College Level Philosophy: The Wine Edition

Would you rather be the primary beneficiary in the will of
a successful small winery owner from Sonoma or the primary
beneficiary in the will of one of the greatest wine collectors in the world?

Would you rather be a powerful and influential wine writer
or a powerful and influential wine retailer?

DarksideBack in my college days, particularly during my time in the dorms, that part of the weekend evening would arrive when most of the shenanigans were over, it was late, and a small crew of five or six of us still had unconsumed liquid, a few cigarettes and some other options at our disposal.

Inevitably we would end up in one of our small dorm rooms, piled on the various chairs, beds and rugs. We'd briefly argue over what to put on the stereo. Four out of five times we could all agree that Pink Floyd would be best.

Once we were comfortably installed, freshly lubricated with beer or Jägermeister or bad wine or "other", and once "Dark Side of the Moon" had reached its pinnacle moment with "Great Gig In the Sky" (5th track, side 1), It was then that that the generally Freshman-level, pseudo-intellectual conversations would begin.

Thankfully I recall very little detail about these late evenings. However, I do recall that eventually and inevitably, we would arrive at a point in the evening (or morning) when we would play "WOULD YOU RATHER…".

This is a simple game in which a choice between two specific options is posed and each person is forced to choose one option and justify their choice. No offering of a third option.

There was always at least one member of the lubricated circle that would go immediately for the morbid when it was their turn to pose the "would you rather" question. "Would you rather die drowning or in flames?" "Would you rather have your pinky finger or your big toes removed with a dull knife?" From these kinds of queries you would occasionally have an anatomy or biology major discuss the fine points of the central nervous system. These kinds of questions I thought were dull and I'd try to move the conversation on quickly: "Toe: Too much explaining with the the pinky gone."

But occasionally, really interesting moral quandaries would result from the questions. Or, someone would ask a question that revealed in the various responses participants' most basic or most complex desires for their future: "Would you rather meet God or the Devil?" "Would you rather see an infant or the mother of infants saved from a burning building?"

If you had a good crew of participants and enough substances to sustain you, this could go on until dawn.

I was reminded of "Would You Rather" while watching a film recently in which the female protagonist had a habit of asking such questions out of the blue, making her seem just a little schizophrenic. But it did bring me back to those days in the dorm and provoke me to compose the questions above.

Please, feel free to open a bottle of wine (or whatever) and offer your responses to the above.



8 Responses

  1. Andrea - July 27, 2012

    I would like to be a powerful wine writer who owns a small Sonoma winery. Didn’t have to think twice about it. 🙂

  2. Daniel - July 27, 2012

    winery owner…then you’d really have something to go forward with. owning the wine collection would be great to drink (or sell!), but it wouldn’t be really ‘yours’. you’d have no connection to the wines.
    retailer, then you get to actually put bottles in people’s hands, not just write about it.

  3. Tom Wark - July 27, 2012

    But Andrea, the way the game is played is that you must offer a justification for your choice. Have at it.

  4. Tom Wark - July 27, 2012

    I see your points. However, some might say that the problem with having something to go forward with (a winery), is having something to go forward with.
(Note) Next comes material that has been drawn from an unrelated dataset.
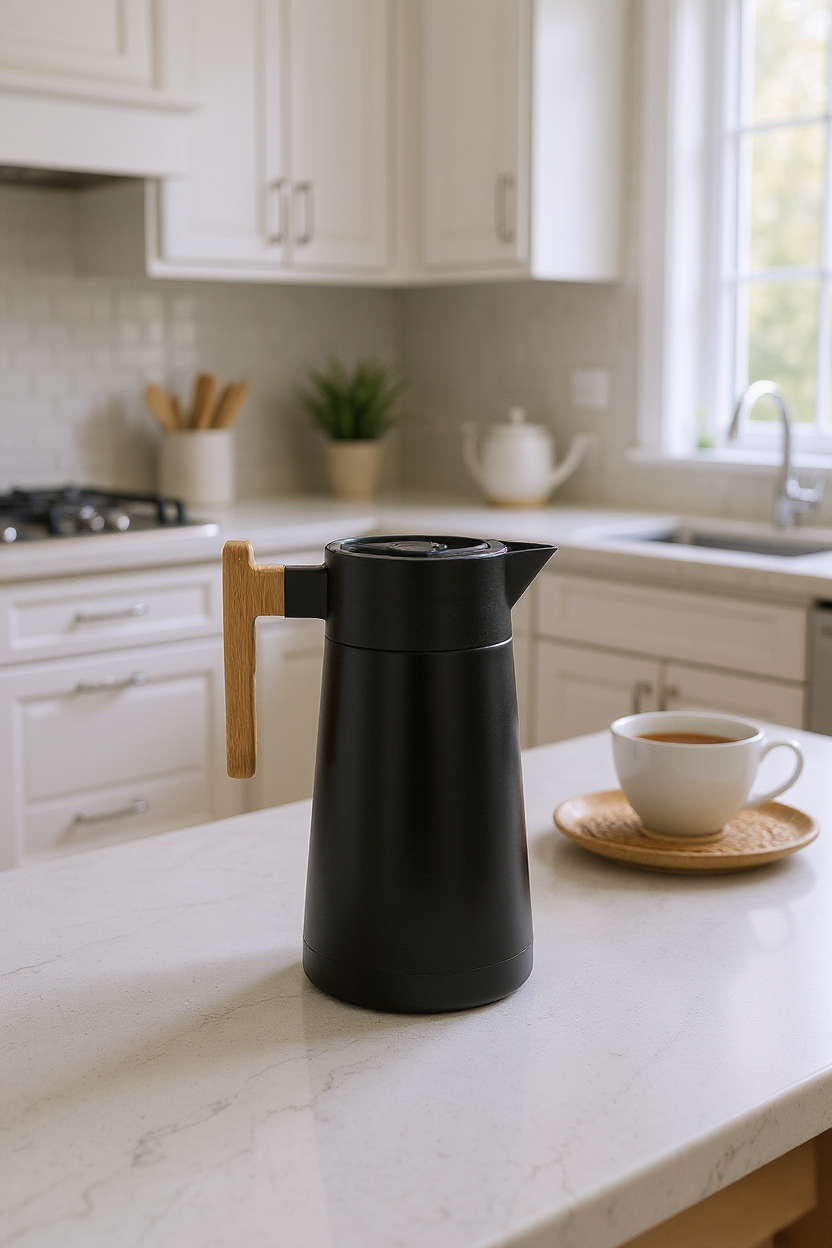 North - Bambu Saplı Çelik Termos Siyah 2 Litre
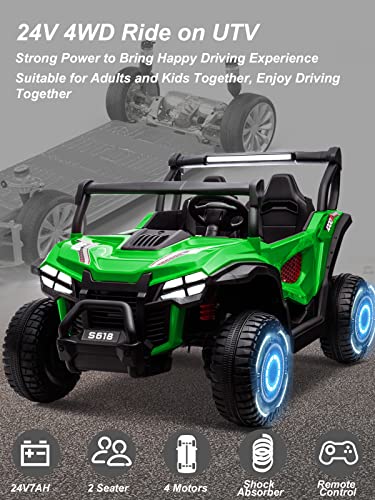 OTTARO 24V XXXL 2-Seater Ride-On Car 4WD UTV Truck with Remote Control Green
  5. JohnLopresti - July 27, 2012

    Q.1. Beneficiary to the wine collector, not the owner of a winery. Wine collectors tend to be complex, diverse people. Being the primary beneficiary to the estate of such an individual might bestow a wide range of benefits far beyond mere cellar hallways stocked with prize winning wines.
    Q.2. Be the writer not the retailer. For now, the keyboard brings sufficient value to the industry, can border on the poetic, and does not demand genius in matters mercantile. The writer can be a dilettante and have a happy, creative life.
    Q.1 part B. Still…I know one family winery owner who, if I were to have access to owning that ‘small’ winery, I might reconsider…
    Q.2 part B. In a world in which distributing is optional…
    Say, was that you that started playing Tales of Brave Ulysses, in the Clapton, Bruce, Baker version from England? I thought the next PinkFloyd groove was something about a motor scooter?
    I hear it now. “It’s getting near dawn…”
    that Clapton was one good blues guitarist.

  6. Vino Pete - July 30, 2012

    I would go with the collector as I am a wine consumer at heart.
    When you get a chance:
    I just launched Vino Pete – Wines of the West Coast Reviewed Weekly – California & the Pacific Northwest here:
    Stop by and enjoy!
    thank you,
    Vino Pete

  7. Doug Wilder - July 30, 2012

    “Would you rather be a powerful and influential wine writer or a powerful and influential wine retailer?”
    Who ever said it had to be a choice?

  8. Tom Wark - July 30, 2012

    Of course, there NEED not be a choice. But then there are the rules of this silly game to consider.